## Captioned web images:
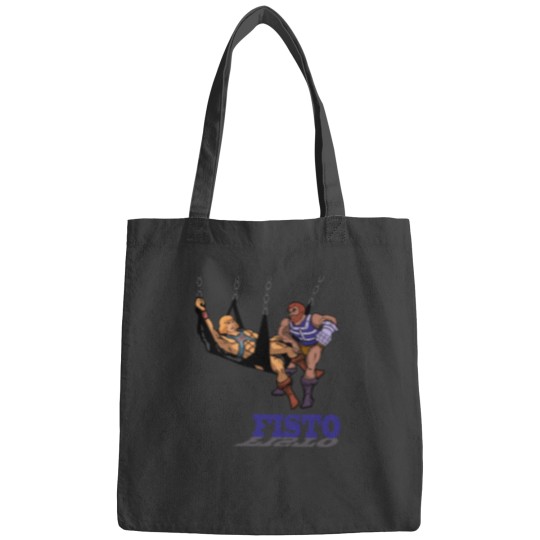 Discover Fisto Bags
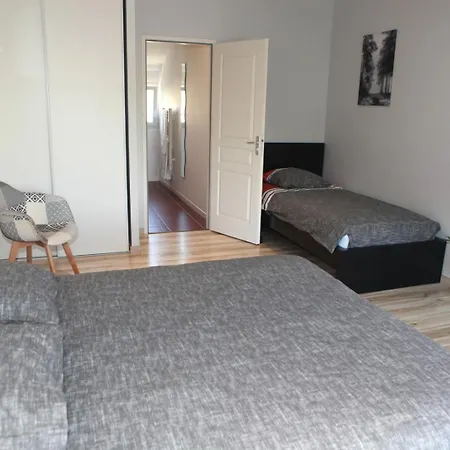 Bed & Breakfast Au Clocher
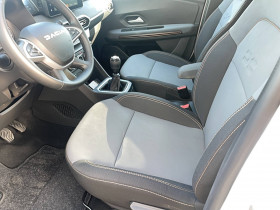 Dacia Sandero Sandero TCe 90 GSR2 Stepway Extreme 5p  occasion  Lescure-d'Albigeois - photo n13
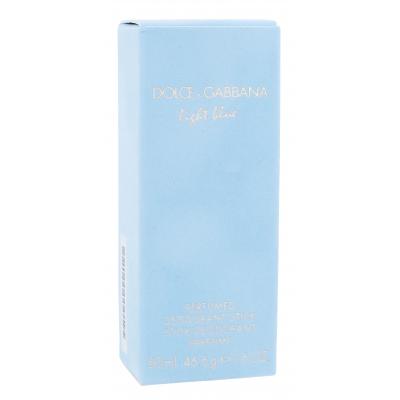 Dolce&amp;Gabbana Light Blue Dezodor nőknek 50 ml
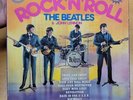 Rock’N’Roll The Beatles & John Lennon 1975 3 LP Box Set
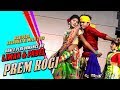 PREM ROGI FULL HD SANTALI DANCE  Liman Hembram & Payel Baripada Jagadhatrimela 2019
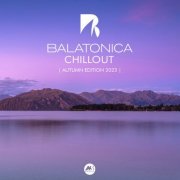 VA - Balatonica Chillout: Autumn Edition 2023 (2023)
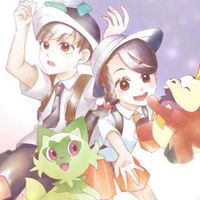 ポケモン大好きオプチャ(雑談OK)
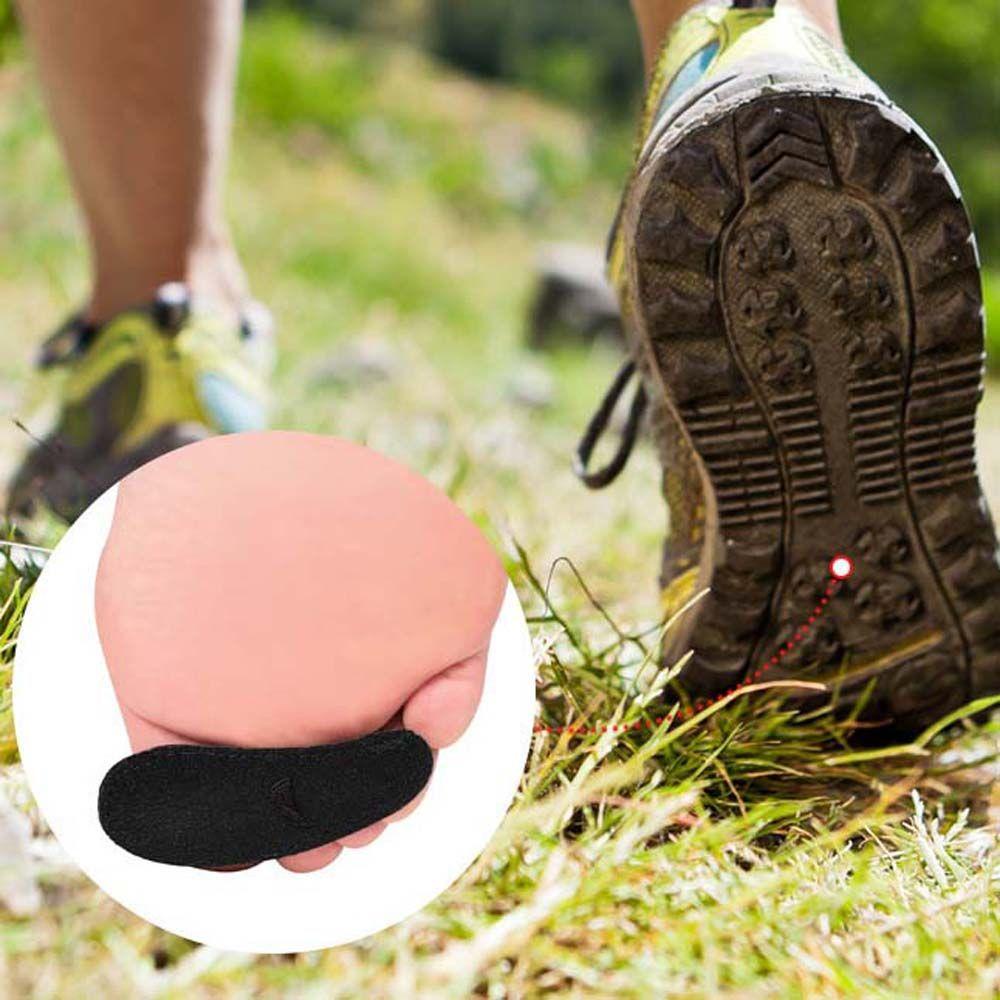 Dụng Cụ Nẹp Chỉnh Hình Ngón Chân Co Giãn Tiện Dụng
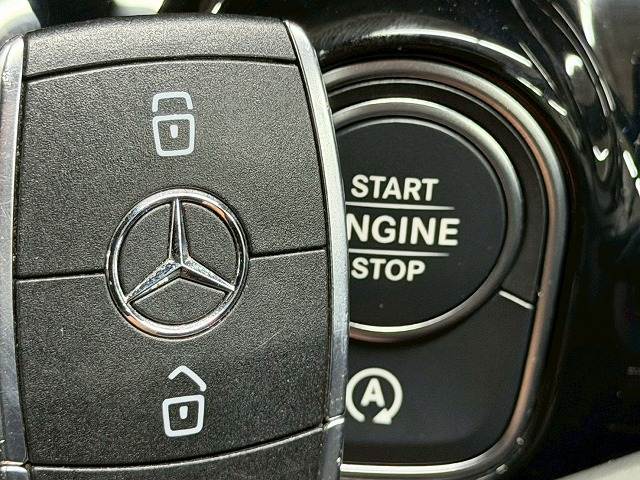 メルセデス・ベンツ A-CLASSの画像16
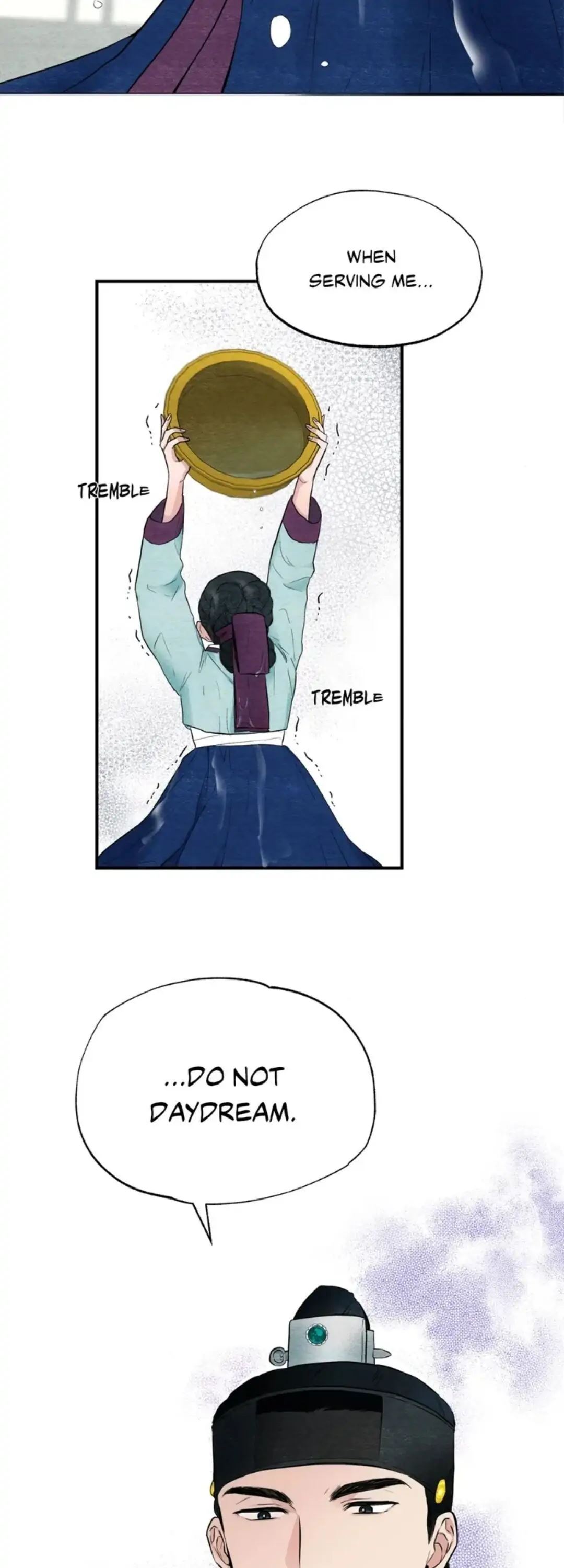 Wild Eyes Chapter 1 image 33
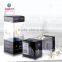 popuplar transparent packaging plastic clear pvc box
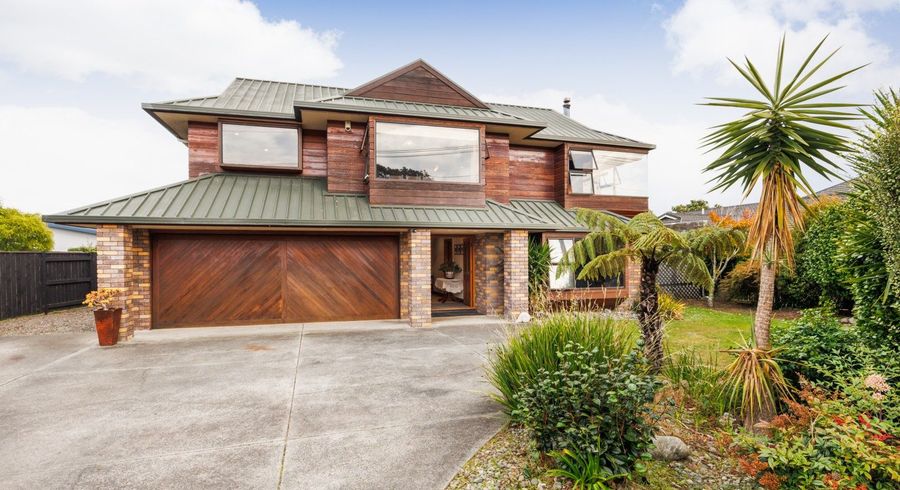  at 221 The Terrace, Ashhurst, Ashhurst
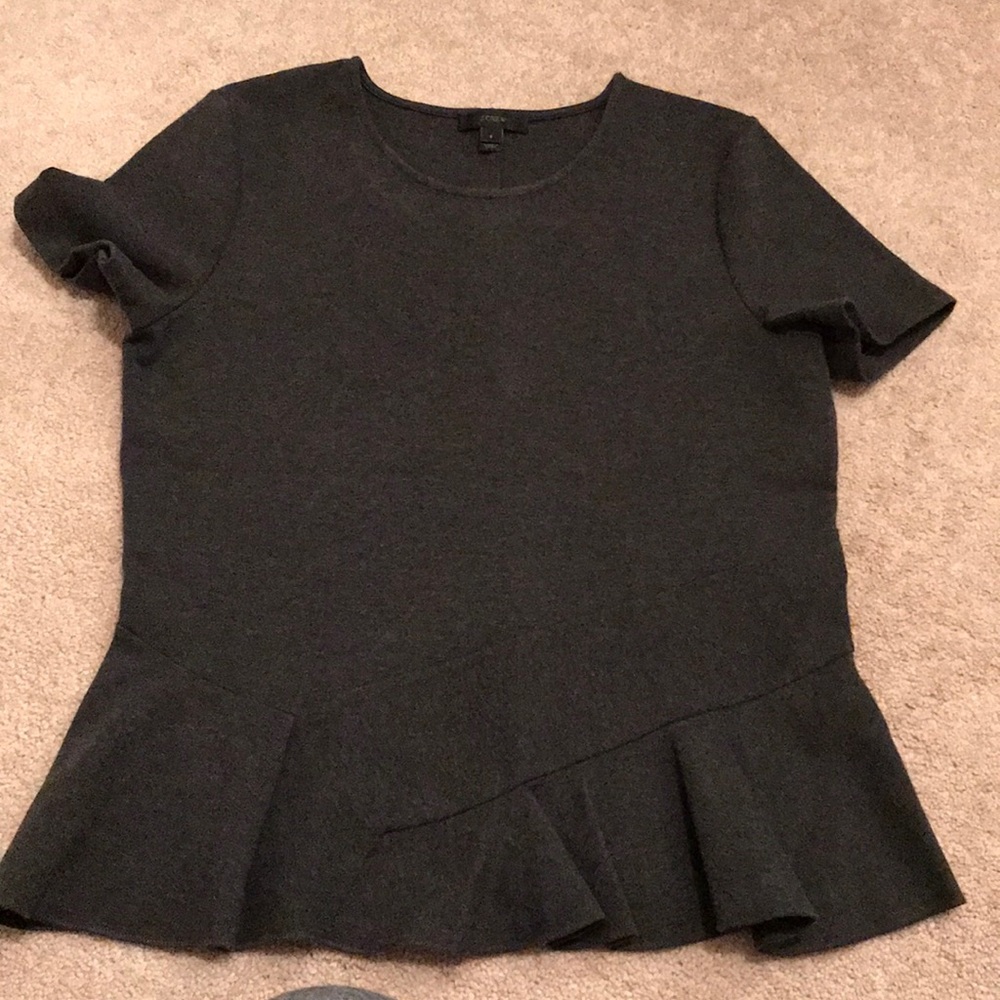J.crew top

## Problem details:
Restate the entries verbatim, without pictures.

## Your response:
 Discover Fisto Bags
 Bed & Breakfast Au Clocher
 Dacia Sandero Sandero TCe 90 GSR2 Stepway Extreme 5p  occasion  Lescure-d'Albigeois - photo n13
 Dolce&amp;Gabbana Light Blue Dezodor nőknek 50 ml
 Rock’N’Roll The Beatles & John Lennon 1975 3 LP Box Set
 PREM ROGI FULL HD SANTALI DANCE  Liman Hembram & Payel Baripada Jagadhatrimela 2019
 VA - Balatonica Chillout: Autumn Edition 2023 (2023)
 ポケモン大好きオプチャ(雑談OK)
 Dụng Cụ Nẹp Chỉnh Hình Ngón Chân Co Giãn Tiện Dụng
 メルセデス・ベンツ A-CLASSの画像16
 Wild Eyes Chapter 1 image 33
 popuplar transparent packaging plastic clear pvc box
  at 221 The Terrace, Ashhurst, Ashhurst
J.crew top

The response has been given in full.